For instance, healthcare and digital marketing companies tend to have larger budgets and can pay freelancers anywhere from $0.15 to $0.30 a word ($150 or $300 per 1000 words)—and often much more.
Likewise, white papers, marketing emails, and video scripts go for much higher rates than short-form blog posts.
Keep in mind that you may be asked to quote an hourly rate, as opposed to a per project rate, especially if you accept copywriting assignments that don’t necessarily need a ton of words but do take time to research and edit.
In these cases, you’ll want to time yourself in advance and see how long it takes you on average to produce a comparable piece of work. You can then work out your hourly rate based on your per project rate.

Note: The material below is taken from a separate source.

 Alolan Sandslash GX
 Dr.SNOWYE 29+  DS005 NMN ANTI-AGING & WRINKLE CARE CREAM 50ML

(For instance, if it takes you two hours to produce a 1000-word blog article you’d normally charge $200 for, you know your hourly rate should be at least $100 per hour).
Other factors that influence your freelance writing rates include the cost of living in your area, your business expenses, and your work schedule.
Bear in mind that as time goes on, you’ll grow faster and more knowledgeable about the writing you produce on a regular basis. This should be reflected in your fee, and you should regularly increase your writing rates for both new and existing clients.
Remember: as a freelancer, you’re responsible for everything, including your income taxes, insurance, and personal expenses. All of this should affect the freelance rates you charge (or accept).